■ Work to be completed:
From the first line of the material through the line that holds "Trolli Multi Mix", repeat each line exactly and skip any picture.

■ Provided records:
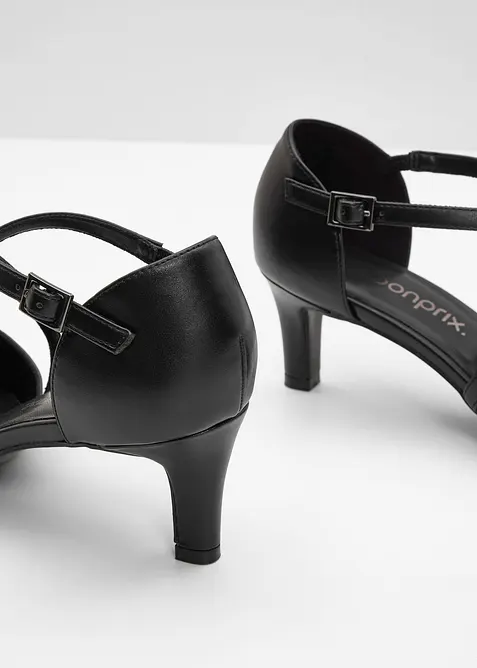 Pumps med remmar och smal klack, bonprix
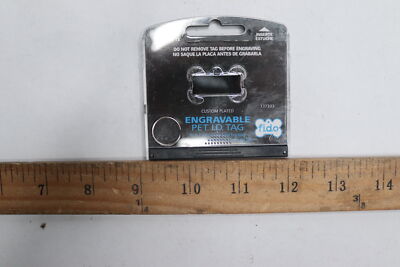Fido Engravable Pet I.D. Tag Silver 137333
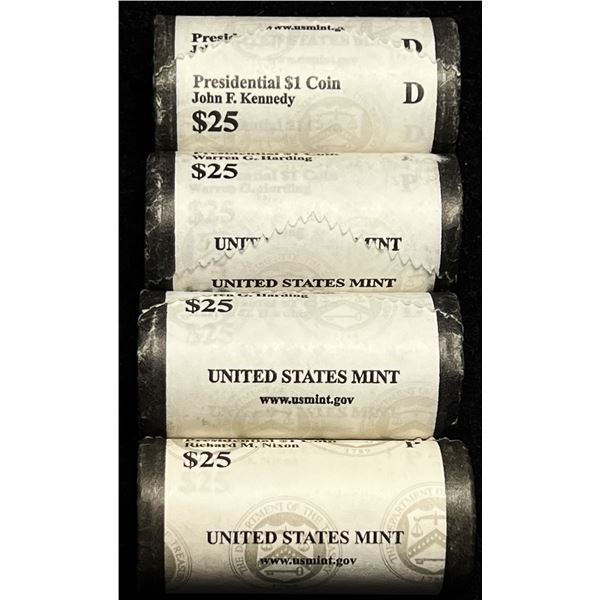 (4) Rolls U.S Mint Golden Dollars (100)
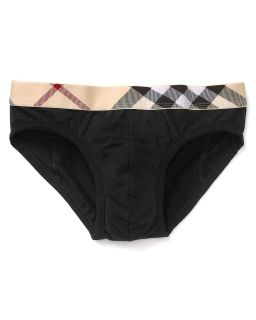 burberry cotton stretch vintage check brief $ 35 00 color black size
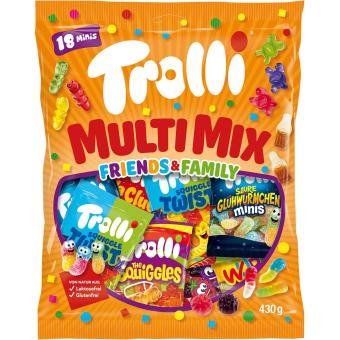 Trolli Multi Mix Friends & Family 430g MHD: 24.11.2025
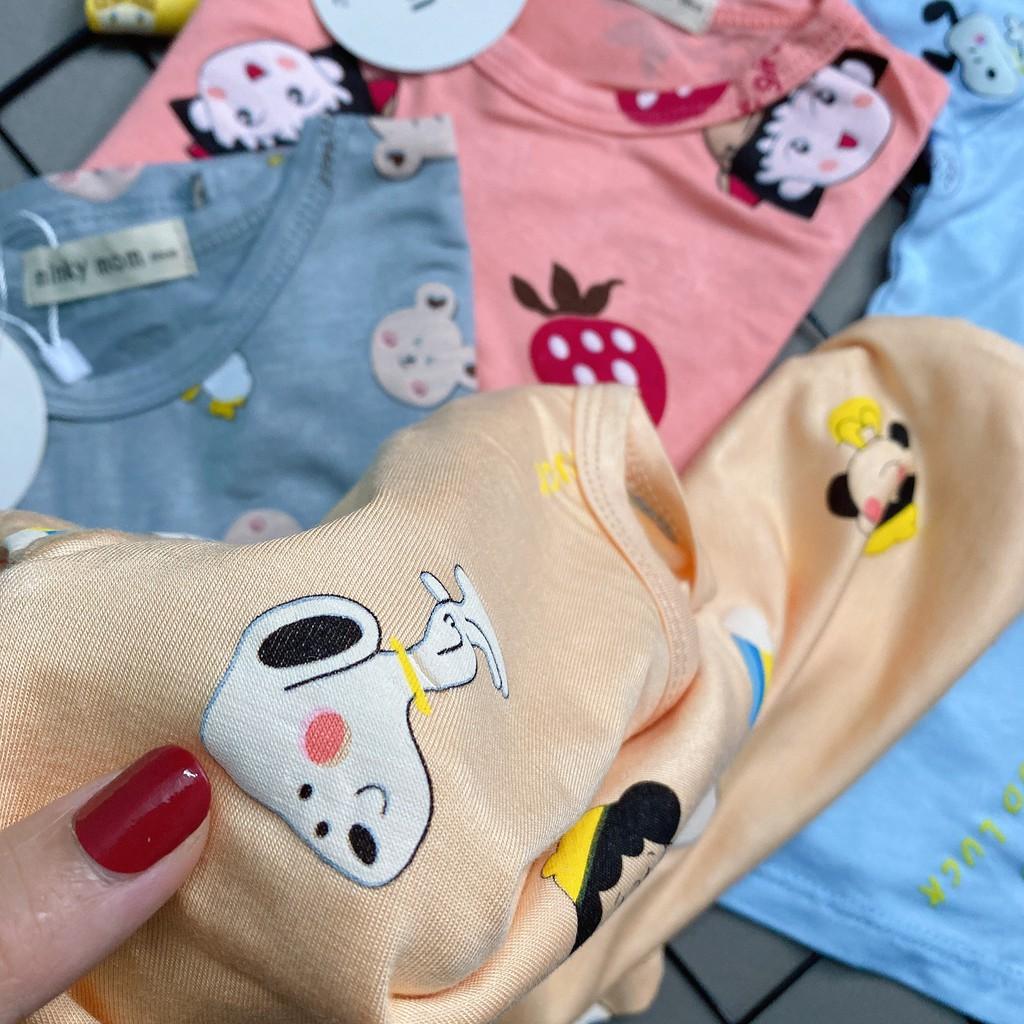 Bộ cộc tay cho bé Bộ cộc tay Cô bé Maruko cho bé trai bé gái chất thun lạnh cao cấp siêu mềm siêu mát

■ Exercise response:
 Pumps med remmar och smal klack, bonprix
Fido Engravable Pet I.D. Tag Silver 137333
 (4) Rolls U.S Mint Golden Dollars (100)
 burberry cotton stretch vintage check brief $ 35 00 color black size
 Trolli Multi Mix Friends & Family 430g MHD: 24.11.2025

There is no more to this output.